Die kans is kennelijk groot genoeg voor het Vaticaan om de zaligverklaring voorlopig uit te stellen. Of liggen er in de Romeinse archieven daadwerkelijk pikante geheimen verborgen? Geheimen die maken dat Manuel tot in lengte van dagen gewoon Manuel zal blijven? Of, veel erger voor het Vaticaan, die de kerk weer eens in een kwaad daglicht stellen?
 

Het wachten is op 2033.
 

Een eigen straat
Aan Franco heeft het gebrek aan pauselijke waardering niet gelegen (zie ook het plaatje hier linksonder).

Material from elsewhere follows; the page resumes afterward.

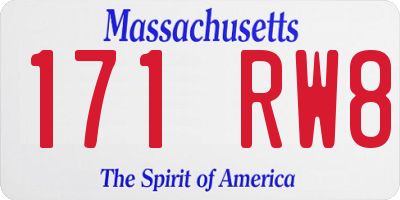 MA license plate 171RW8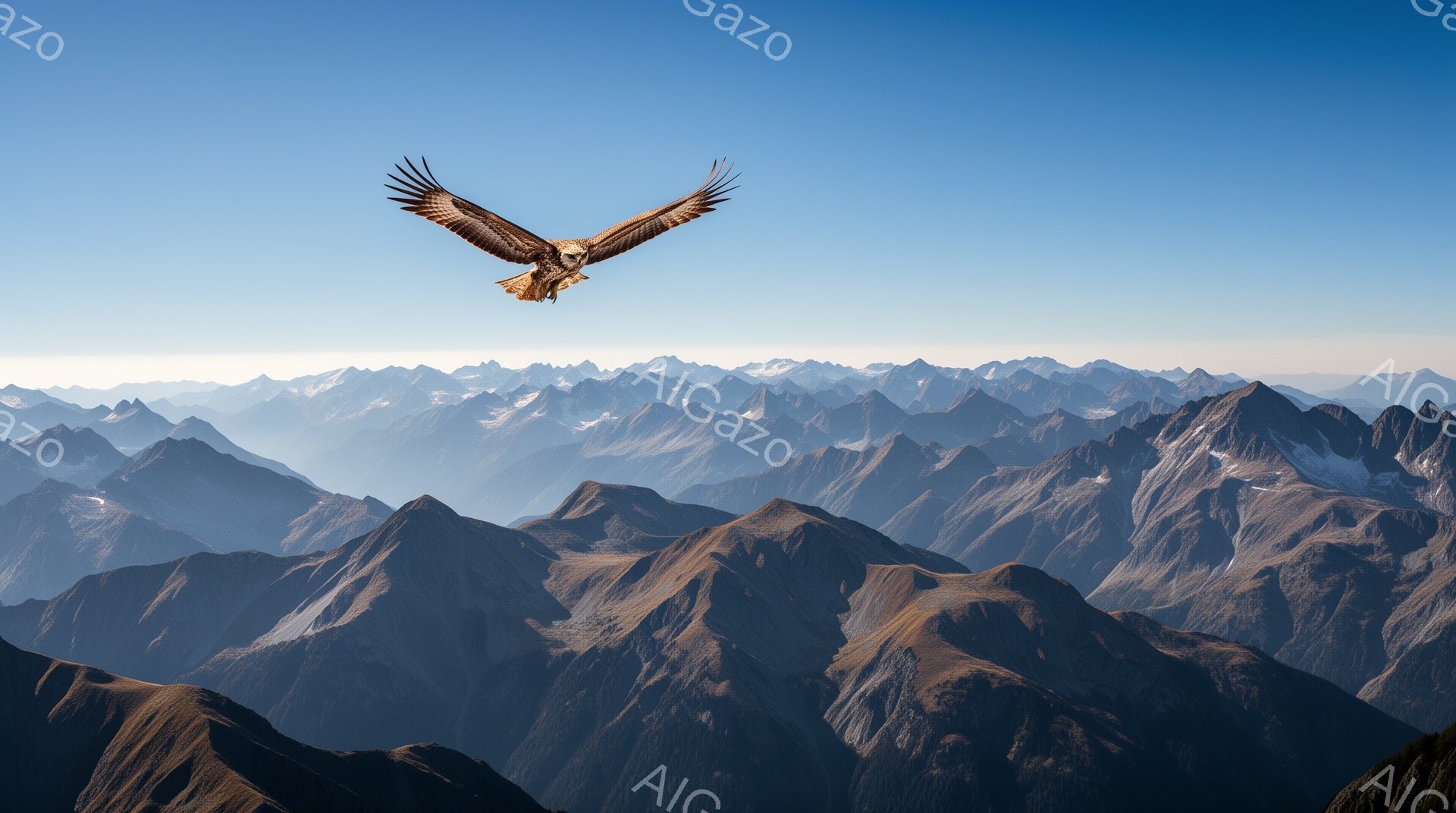 空高く、翼を広げた猛禽類が飛び去る姿が捉えられています。背景には連なる山々が霞んで見え、壮大な自然の風景が広がっています。青空と山々のコントラストが印象的で、力強い生命力を感じさせます。 - AI生成フリー素材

De Caudillo heeft z´n stinkende best gedaan voor Irurita - die overigens, heel opmerkelijk, pas in 1942 een opvolger kreeg in Barcelona. In de jaren na de burgeroorlog volgde de ene na het andere eerbetoon voor Mysterieuze Manuel, waaronder een eigen straat en een beeld.

Jawel, de Carrer del Bisbe werd in 1939 vernoemd (en verspaanst) tot 'Calle del Opisbo Irurita'. Echter, ook in deze naam hadden de Barcelonezen geen trek. Waarop de gemeente in 1982 (op veilige afstand van Franco´s dood in 1975) de straat officieel herdoopte tot Carrer del Bisbe. Van het beeld, in een nis van wat eens Irurita´s paleis was, werd de naamsaanduiding verwijderd.


Daar staat de anonieme man dan. Verreweg de meeste toeristen lopen hem straal voorbij – een lot dat hij deelt met de blootvoetse bedelares  op haar vaste plaats tegenover hem.

De Carrer del Bisbe op een vroege winterochtend. Bisschop en bedelares zijn op hun post.